Kae Matundu-Tjiparuro
SHOCKING and actually a national disgrace and pure exploitation of the highest order. Because how otherwise could one describe the revelation that petrol attendants earn between N$240 and N$800 a month?
This is simply slavery and one cannot but conclude that petrol attendants have been the sacrificial lambs of all beneficiaries in the fuel supply chain.
The beneficiaries range from oil companies at the top that take the biggest chunk, to the worse end of the continuum, the petrol attendants.
In between you have varied instances that have been vying for a share of the pie like the dealers (petrol service station owners), the National Energy Fund (NEF), wholesalers (oil companies), Motor Vehicle Accident Fund (MVA), Ministry of Finance (fuel tax), Road Fund Administration (road user charge) and Customs and Excise.
By the 2007 figures, the dealers’ margin was only 0.43 cents. But this in no way gives the dealers the right to starve the attendants and in no way absolves them of responsibility for the starvation wages the attendants seem to be getting, and this six years down the line after the Labour Resource and Research Institute (LaRRI) 2008 study on the payment and working conditions of petrol attendants.
The study was not only damning but also unequivocal that petrol station workers are part of the country’s large number of vulnerable workers. “They endure long working hours – in many cases significantly more than the 45 ‘ordinary’ hours per week plus 10 hours of overtime as stipulated in the Labour Act. A working day of 11-15 hours are common and the requirements of overtime payment as set out in the law are often not adhered to. Service station workers enjoy few benefits and issues of health and safety are not considered adequately,” it says.
At that time wages ranged between N$300 -N$2 000 per month. Today six years down the line from the LaRRI study and if media reports are anything to go by, there has been talks of between N$240 and N$800 an obvious deterioration in the payment of petrol attendants if not in their working conditions wholesomely.
What is most disturbing is that the recommendations of the LaRRI study do not seem to have been acted upon.
One of the recommendations has been to increase the dealers’ margin, hoping that this would have a multiplier effect on the wages of the attendants.
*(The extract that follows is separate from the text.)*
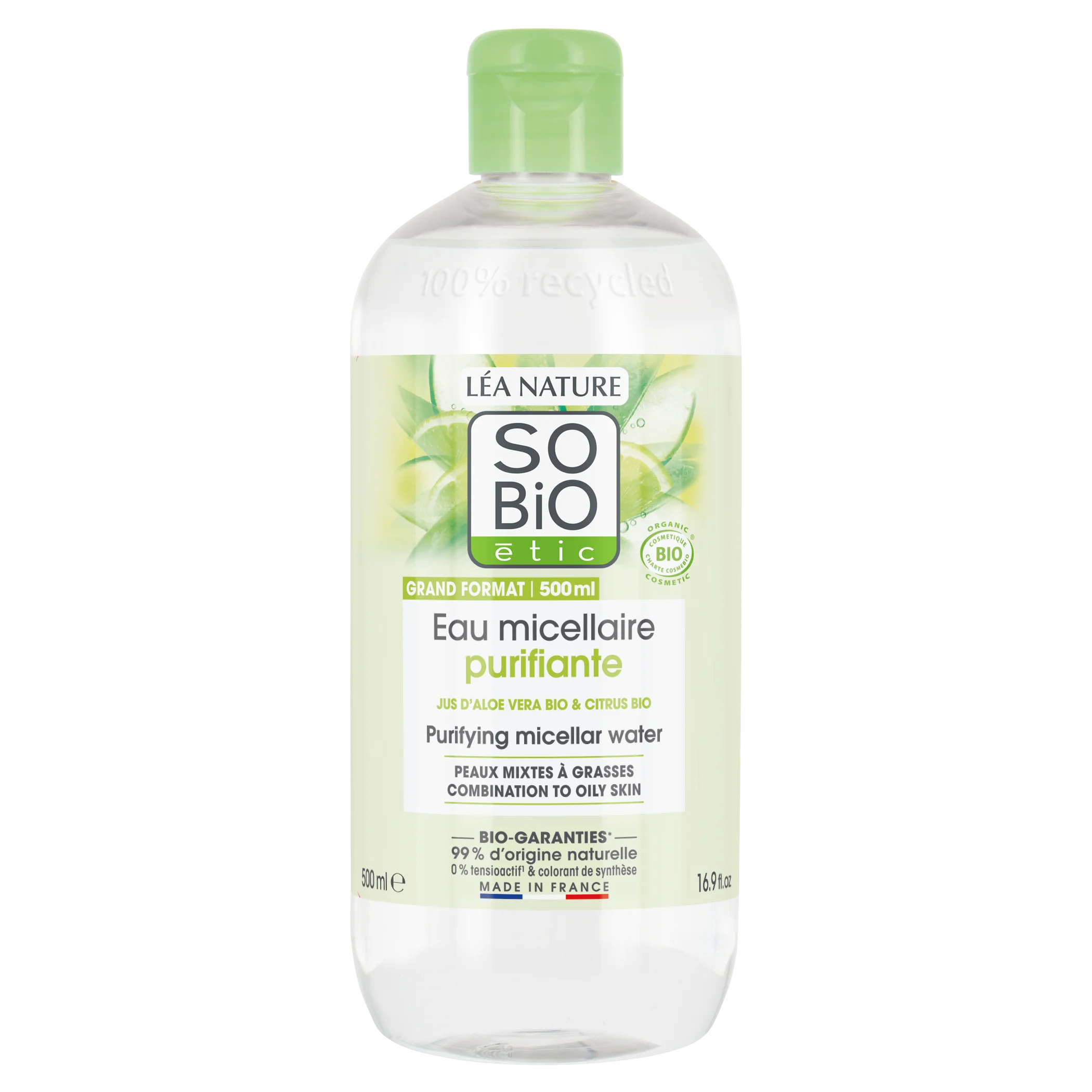 SO’BiO étic Água micelar de limpeza Aloe Vera - zinco e citrinos BIO (500 ml) - ideal para pele mista a oleosa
On the contrary what one is seeing today seems a regression in their wages. Whatever the profit margins of service station owners there is no way they can really justify the wages of petrol attendants.
It is really worrisome despite the plight of these fellow Namibians having been brought to the attention of the relevant authorities, and one can in this instance point a finger nowhere else than at the two government ministries, the Ministry of Mines and Energy, which has been responsible for the allocation of the shares, and the Ministry of Labour, which is responsible for industrial peace in the country. It is not clear what they have done about the recommendations of the LaRRI study, but what is abundantly clear is that six years after, there seems no peace in the oil industry as far as petrol attendants are concerned.
Not only the working conditions of these workers are highly suspect if not tantamount to “enslavement” as one attendant succinctly put it.
Much has been said about the growing gap between the so-called rich and the so-called poor in Namibia, whatever these terms may mean.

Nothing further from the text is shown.